Do wprowadzenia nowych zasad rozliczania usług w roamingu pozostał jeszcze prawie miesiąc. Ile zaoszczędzicie po 15 czerwca na roamingu w Unii Europejskiej, jeżeli jesteście klientami Orange? Średnio klienci indywidualni, którzy mają abonament w Orange rozmawiali w ubiegłym roku w roamingu przez 40 minut, wysłali kilkanaście SMS-ów i zużyli między 20 a 30 MB transferu danych. Teraz pewnie transfer danych, liczba przegadanych minut i wysłanych SMS wzrośnie.

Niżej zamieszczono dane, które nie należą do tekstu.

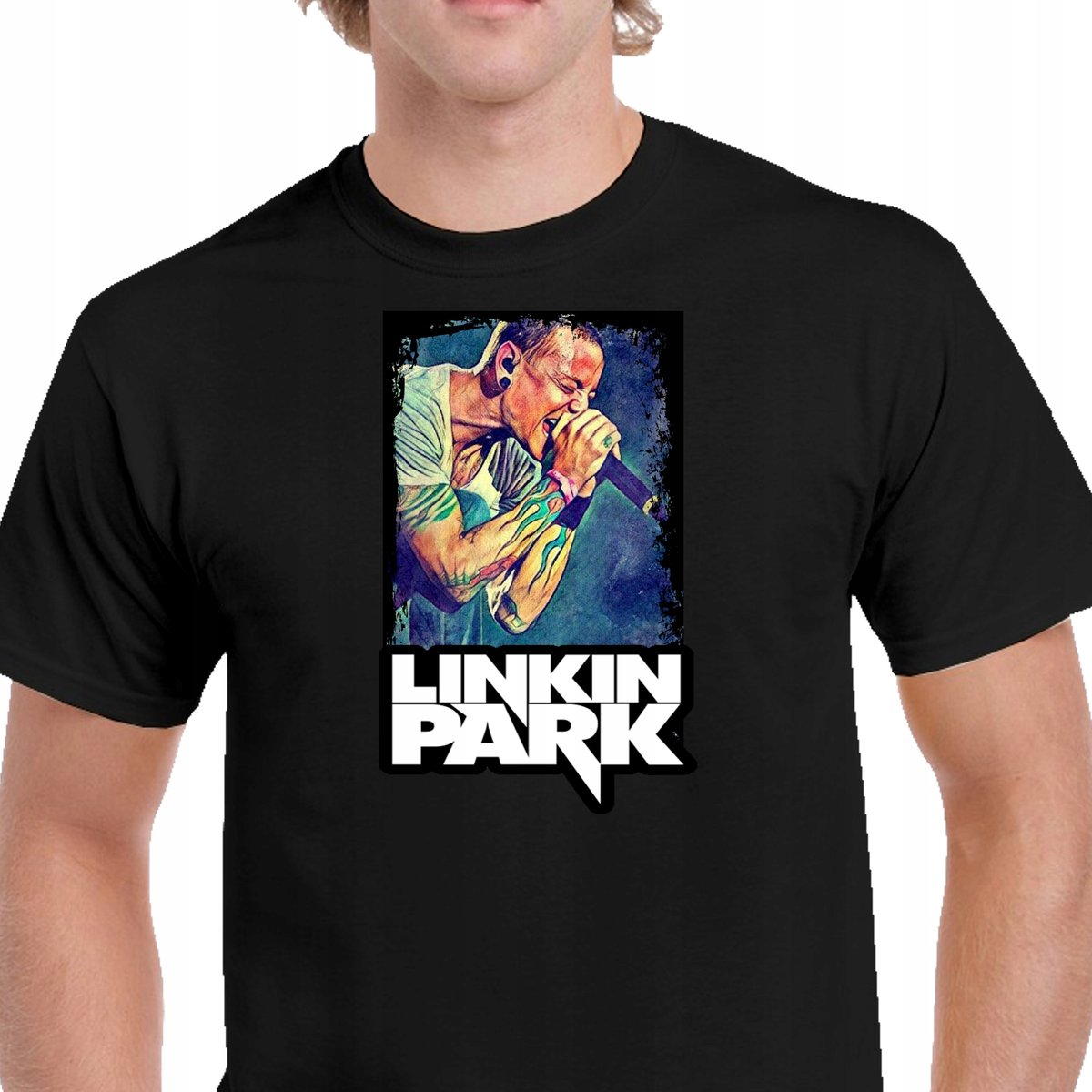 P082 KOSZULKA LINKIN PARK ROCK METAL PREZENT S BAWEŁNA PREZENT CZARNA M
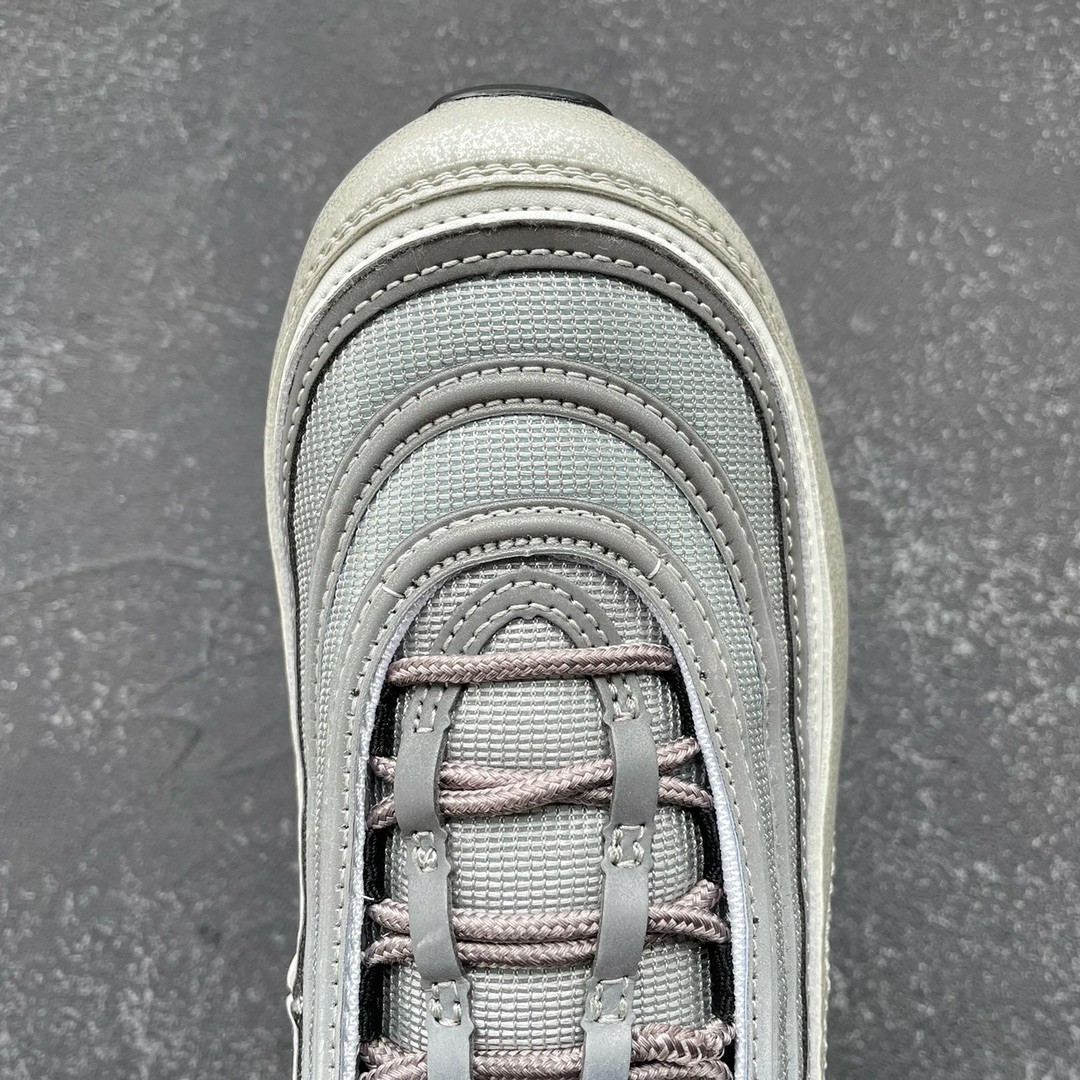 Men's NIKE AIR MAX 97 Full White Cushioned Daily Walking Trainers📽️ image 7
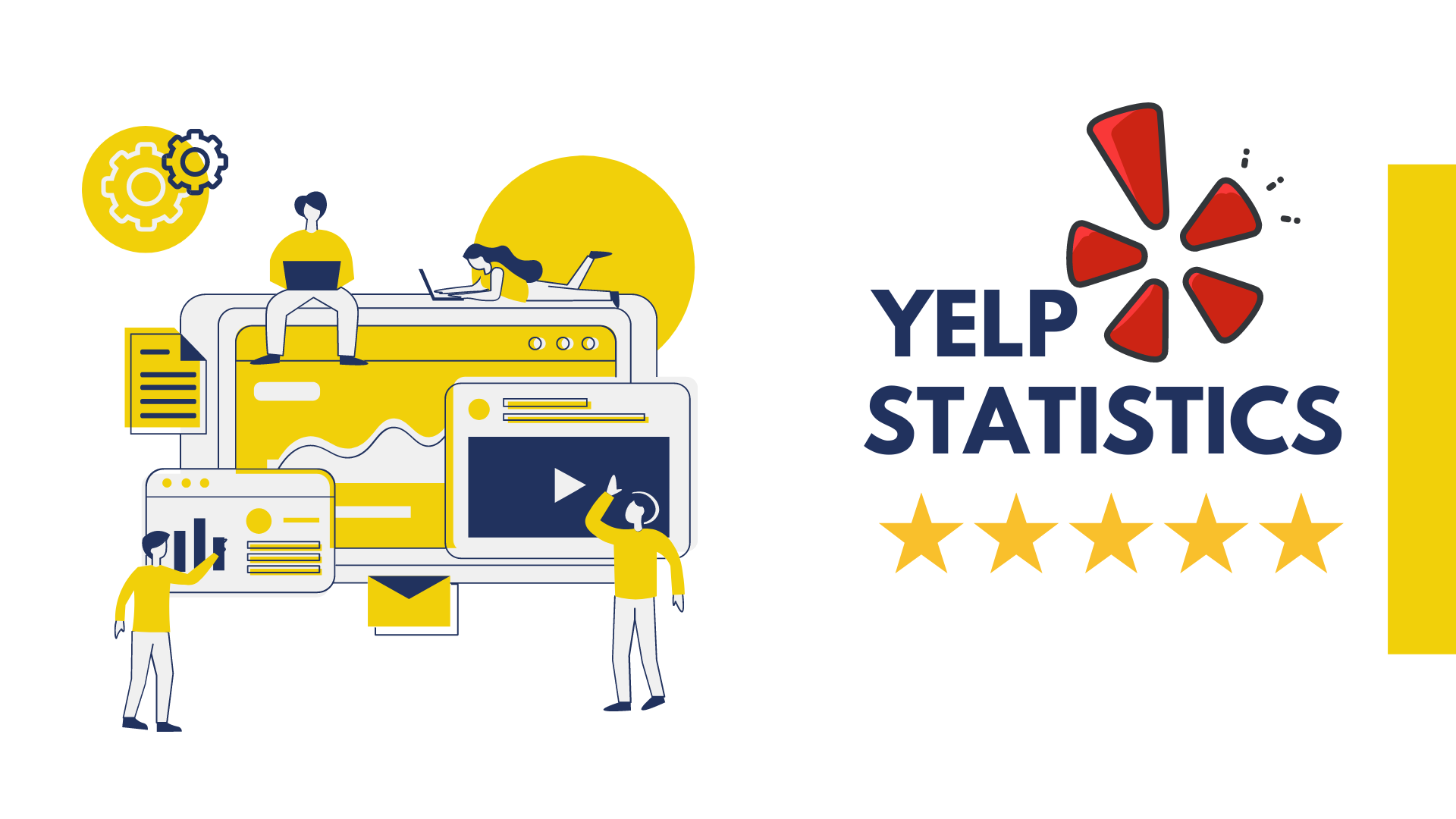 Yelp Statistics 2024 By Business Category, Star Rating Distribution, Visitors, Platform, Country and Consumers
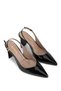 Women's Genuine Leather Black Patent Leather Heeled Shoes - 2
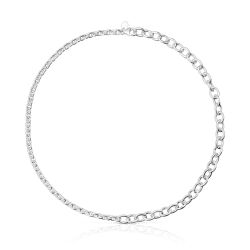 TOUS Calin Sterling Silver Round Rings Choker Necklace
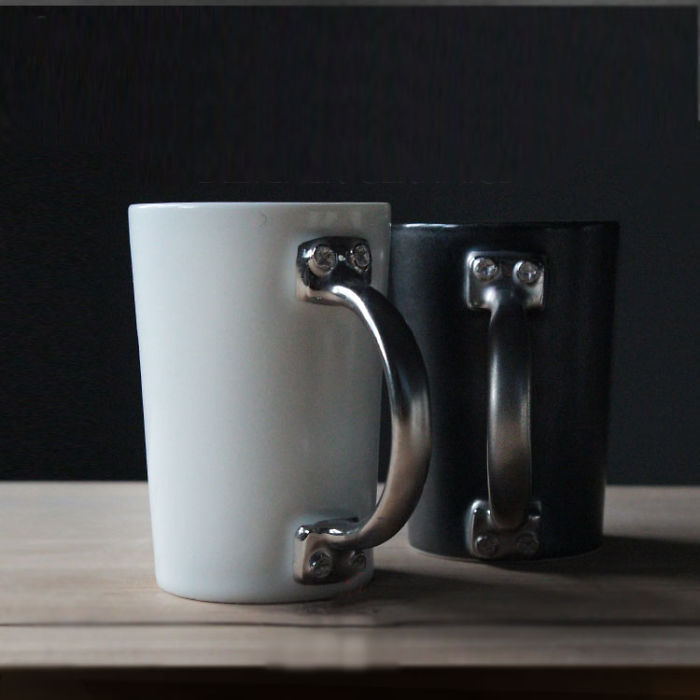 Creative Doorknob Ceramic Couple Coffee Cup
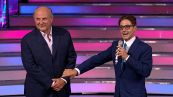 La Ruota della Fortuna, Pier Silvio Berlusconi irrompe in diretta e ringrazia Gerry Scotti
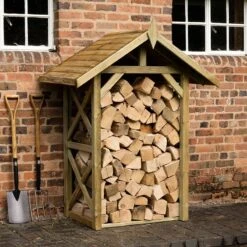 4'5 X 2'10 Forest Apex Medium Logstore (1.3m X 0.9m) -Lifetina Shop mwlgst 1 min 1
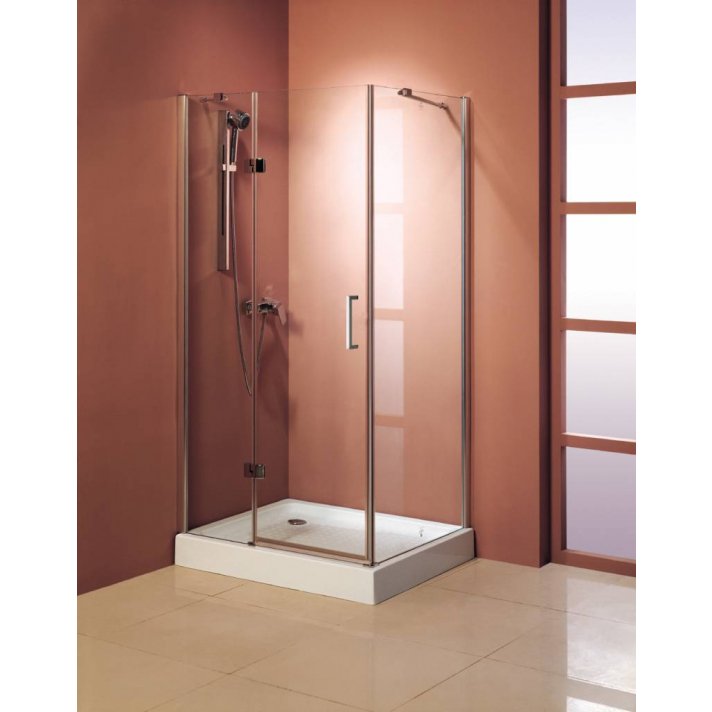 Sani DeLuxe Douchecabine vierkant scharnierdeur 90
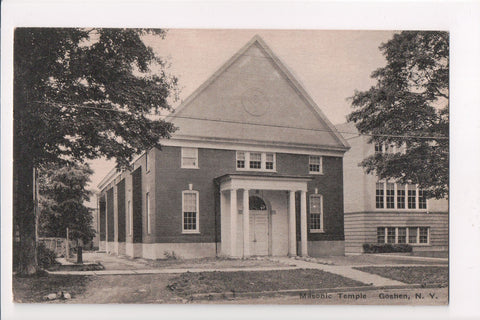 NY, Goshen - Masonic Temple postcard - MB0626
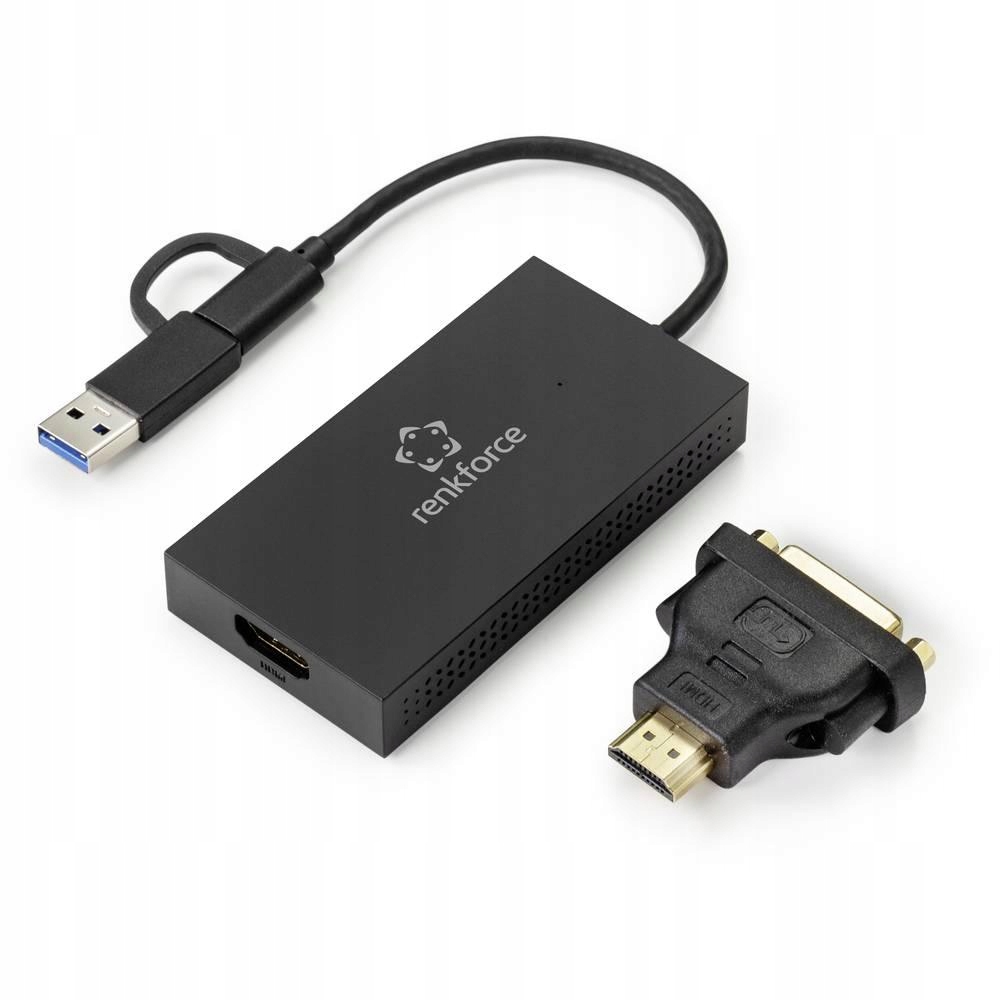 Karta graficzna Renkforce USB-C 5Gbps HDMI DVI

Roaming po 15 czerwca, czyli jak zmieni się moja sytuacja?
Jeżeli macie Smart Plan LTE za 39,99, za korzystanie z telefonu podczas pobytu w krajach UE, Norwegii, Lichtensteinie albo na Islandii (a także na lezącej u wybrzeży Madagaskaru wyspie Reunion) nie zapłacicie nic ponad Wasz comiesięczny rachunek. By w tym planie dopłacić cokolwiek, musielibyście przekroczyć górną granicę transferu określoną przez zasadę Fair Use Policy. Czyli jakieś 2 GB z „wąsem”. W nju z rachunkiem sytuacja wygląda jeszcze lepiej, bo płacicie wyłącznie za wykorzystany transfer, SMSy i rozmowy, więc może się okazać, że jeżeli nie spędzacie urlopu z nosem w telefonie, Wasz rachunek będzie niższy niż zazwyczaj. Gdybyście wykorzystali w ciągu miesiąca wspomniane wcześniej 40 minut, 20 SMS i 30 MB transferu danych, zapłacilibyście tego miesiąca rachunek wysokości 15 zł.
Oczywiście od 15 czerwca nie trzeba się będzie na terenie Unii Europejskiej tak ograniczać. Przynajmniej w Orange i nju mobile.